Zimbabwe's Ncube Touts Economy Amid Shortages, Inflation Surge

(Bloomberg) -- Zimbabwe’s Finance Minister Mthuli Ncube touted the health of his country’s economy even as the southern African nation experiences fuel shortages and the highest inflation rate since 2008.

The government has put in place measures to liberalize the currency, curb spending and improve the management of state-owned companies he said in an interview with Bloomberg TV in Washington. Last month the country scrapped its insistence that local securities known as bond notes and their electronic equivalent trade at par with the dollar and allowed them to be exchanged in an inter-bank market that has seen the rate oscillate at about 2.5 to the dollar.

“Zimbabwe is certainly on its way to a better place on the fiscal front because we are managing to walk the talk,” he said in an upbeat interview. “Zimbabwe is the cheapest buy in Africa and it has just gotten cheaper. I think we are back in the game.”

While Zimbabwe’s finances have improved, with the government recording an average monthly budget surplus of around $100 million for the last four months, according to Ncube, that isn’t evident on the street. In January the government more than doubled fuel prices, sparking the worst urban riots since 1995, and state teachers and doctors went on strike over pay. In addition to fuel, staples like bread are also in short supply.

Inflation, which peaked at an estimated 500 billion percent in 2008, has risen sharply to 56.9 percent in January. In reality the price growth is probably significantly faster, according to Steve H. Hanke, a professor of applied economics at Johns Hopkins University in Baltimore. That’s because most commerce takes place at the black-market exchange rate, which is currently between 3.41 and 3.55 local currency units to the dollar.
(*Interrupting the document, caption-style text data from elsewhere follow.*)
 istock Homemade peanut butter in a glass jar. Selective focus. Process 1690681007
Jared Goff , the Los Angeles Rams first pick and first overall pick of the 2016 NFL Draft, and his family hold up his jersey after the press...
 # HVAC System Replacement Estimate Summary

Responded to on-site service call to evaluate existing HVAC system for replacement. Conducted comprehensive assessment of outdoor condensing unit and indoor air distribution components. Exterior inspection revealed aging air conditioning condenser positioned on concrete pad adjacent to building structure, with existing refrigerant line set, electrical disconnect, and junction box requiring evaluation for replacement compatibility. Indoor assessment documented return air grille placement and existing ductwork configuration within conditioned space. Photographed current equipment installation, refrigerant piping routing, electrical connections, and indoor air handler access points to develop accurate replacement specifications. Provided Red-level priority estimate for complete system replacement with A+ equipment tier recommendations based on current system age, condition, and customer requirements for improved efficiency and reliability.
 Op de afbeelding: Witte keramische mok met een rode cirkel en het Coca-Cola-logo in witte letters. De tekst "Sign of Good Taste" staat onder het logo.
Ncube, an academic who has lectured at the University of Oxford, was appointed to the post by President Emmerson Mnangagwa in September as part of a bid to kickstart a moribund economy that stagnated during the rule of former President Robert Mugabe.
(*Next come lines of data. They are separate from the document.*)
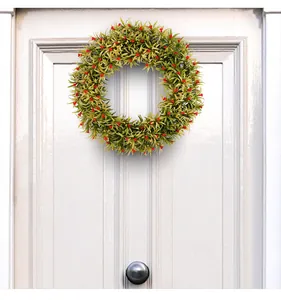 Corona de primavera verde con bayas rojas en una puerta de madera blanca para decoración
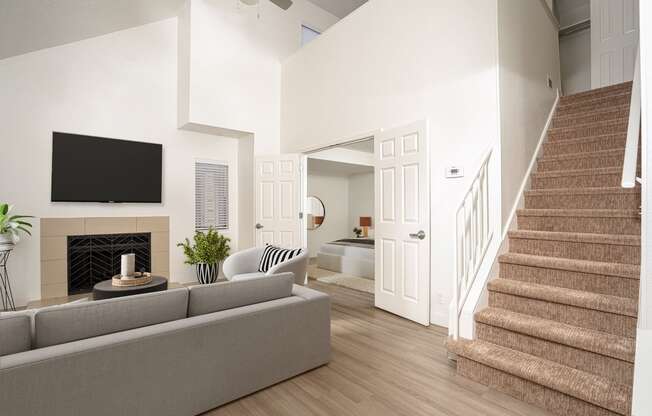 a living room with a staircase and a tv above a fireplace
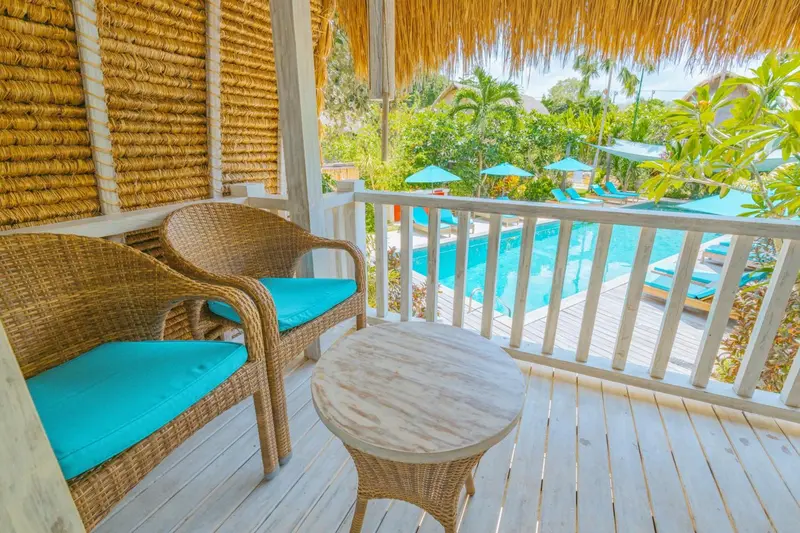 Terrasse aménagée avec mobilier en rotin donnant sur une piscine turquoise.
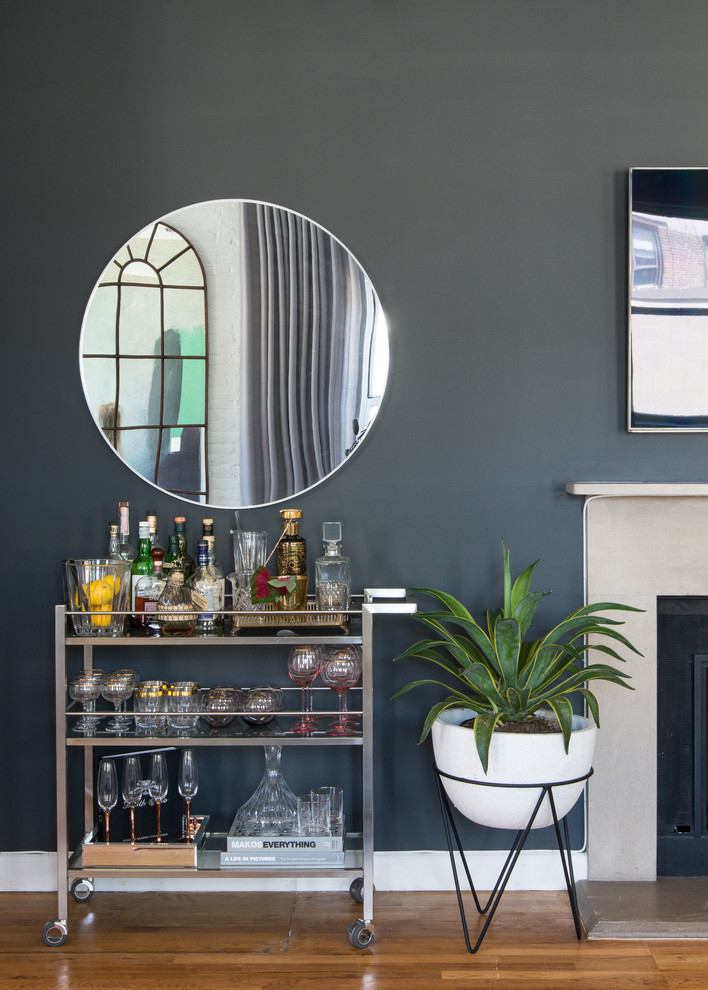 Transitional medium tone wood floor and brown floor bar cart photo in Other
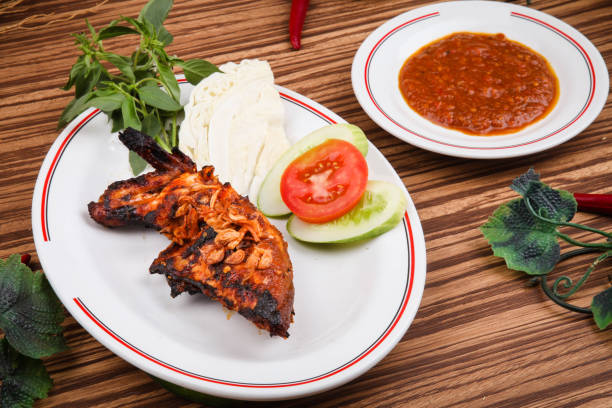 istock Ayam Bakar or grilled chicken with hot sauce 1250166366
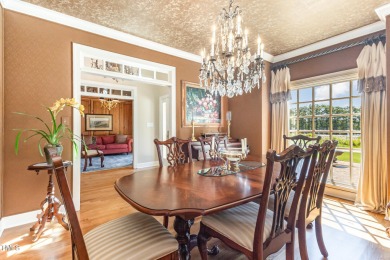 Experience luxury living where waterfront serenity meets golf on Country Club of Johnston County in North Carolina - for sale on GolfHomes.com, golf home, golf lot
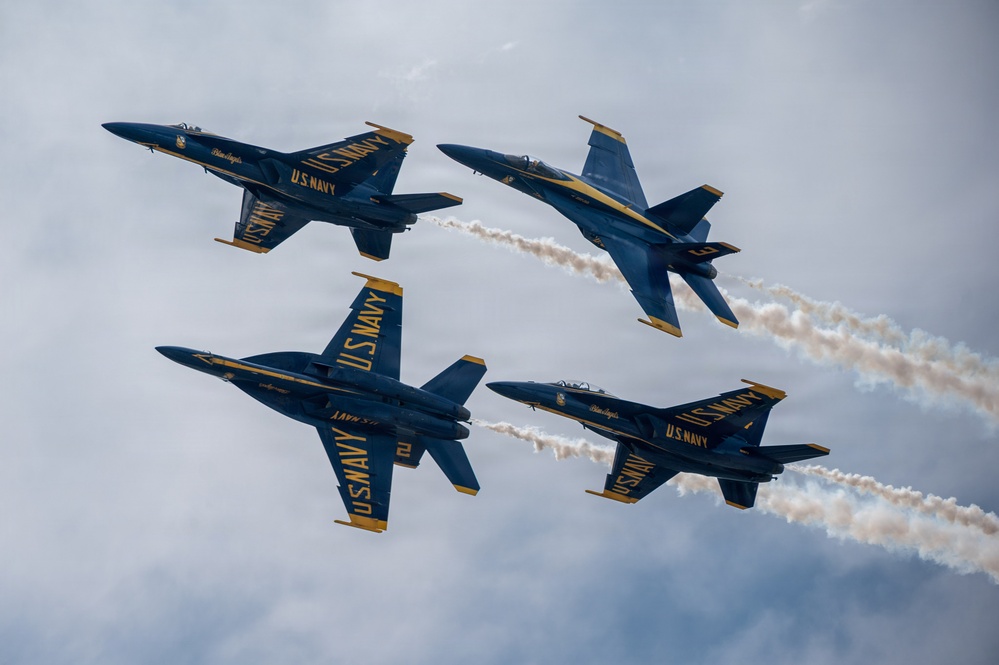Four U.S. Navy Blue Angels aircraft are performing a close formation flight maneuver at an airshow. The jets, painted in their iconic blue and gold livery, are flying in a tight diamond-like formation with two aircraft producing visible white smoke trails. The overcast sky provides a dramatic backdrop for the precision aerobatic display.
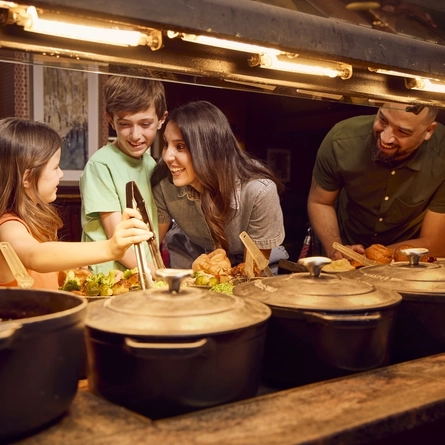 A family choosing a selection of foods for a carvery at the carvery deck.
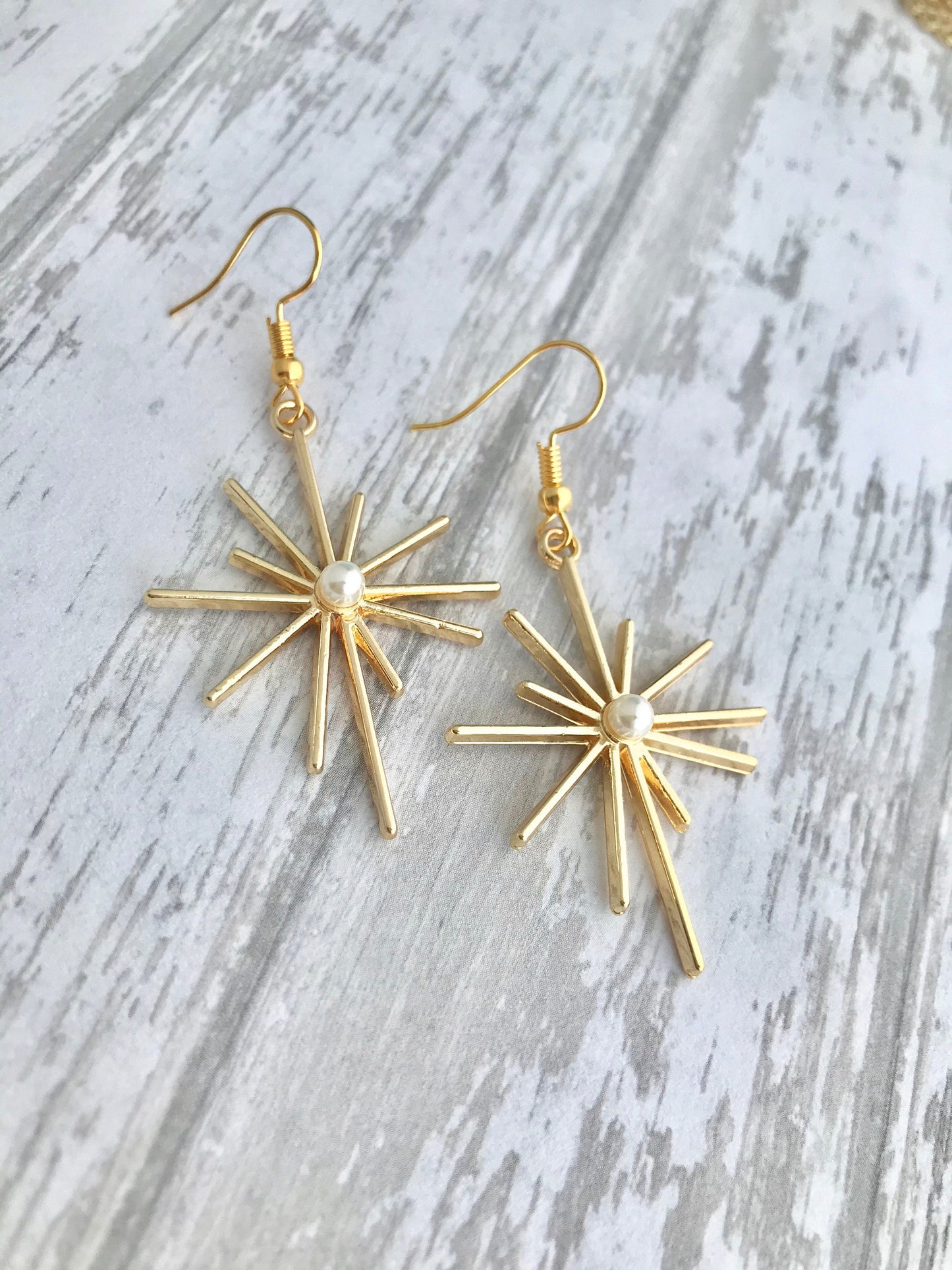 Gold star celestial earrings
The liberalizing of the currency will allow Zimbabwe “to introduce proper monetary policy” and eventually inflation targeting, he said.
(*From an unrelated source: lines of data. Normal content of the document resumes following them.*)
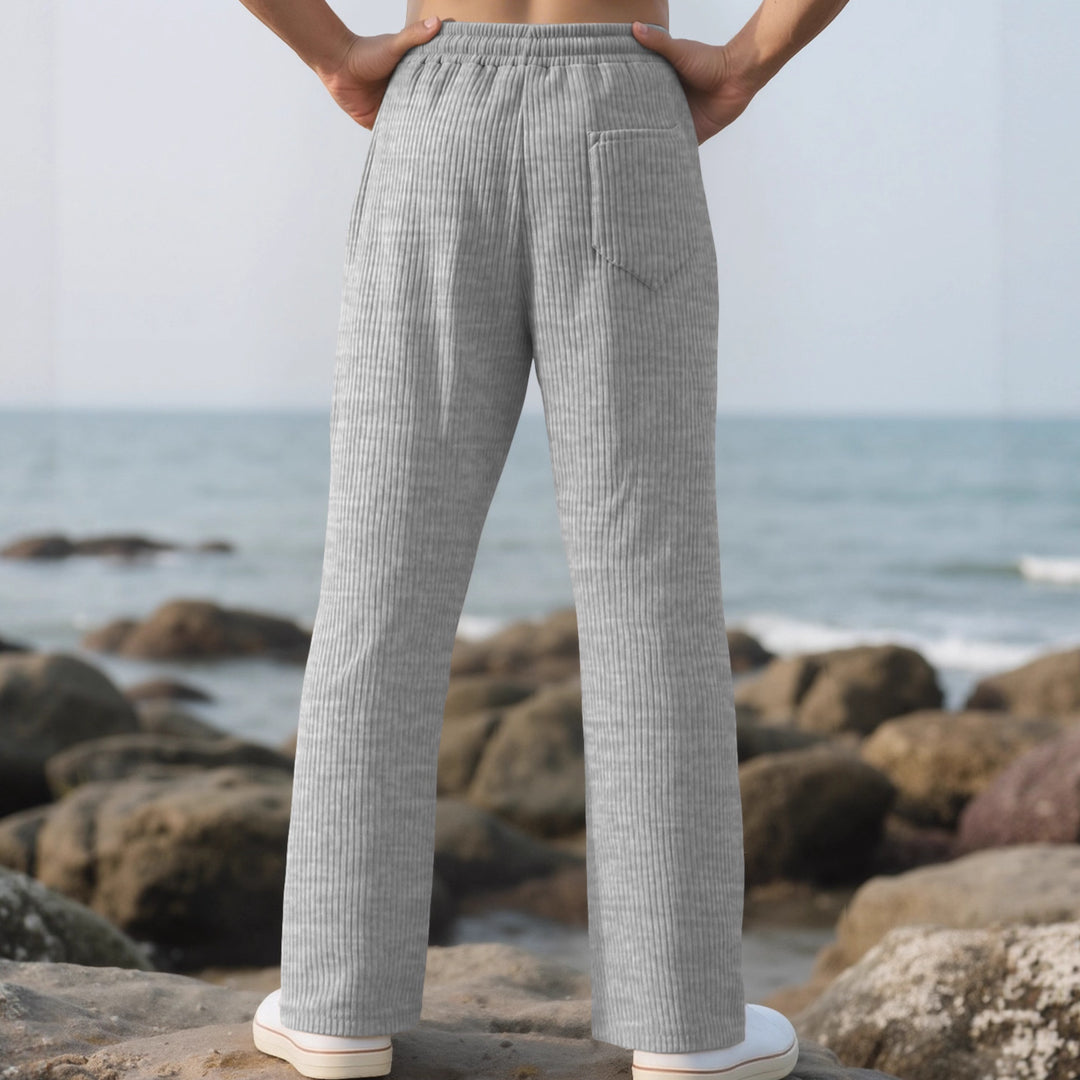 Men's straight cut corduroy velour pants with drawstring waistband, metal drawstring ends, and deep side pockets StylebySassy
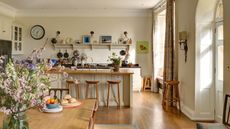 An open planned country kitchen diner wooden floors, counters and open shelving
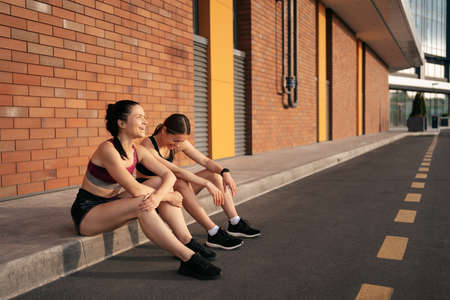 Two women before urban workout. Girls preparing for running and sitting in the street. Fitness breakの写真素材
“Given what’s going on it’s difficult to see how this is going to happen,” Jee-A van der Linde, an economist at NKC African Economics, said by phone. “They don’t have the legitimacy or the policy tools in place to make this feasible.”

Ncube said the volume of currency traded on the inter-bank market will be publicly disclosed and that $7.5 million traded last week. So far the central bank has not disclosed these volumes.

“We have to disclose that because that’s key to the understanding of the market micro-structure,” Ncube said. “Government will not be a participant. We should stay out, otherwise we will distort the market.”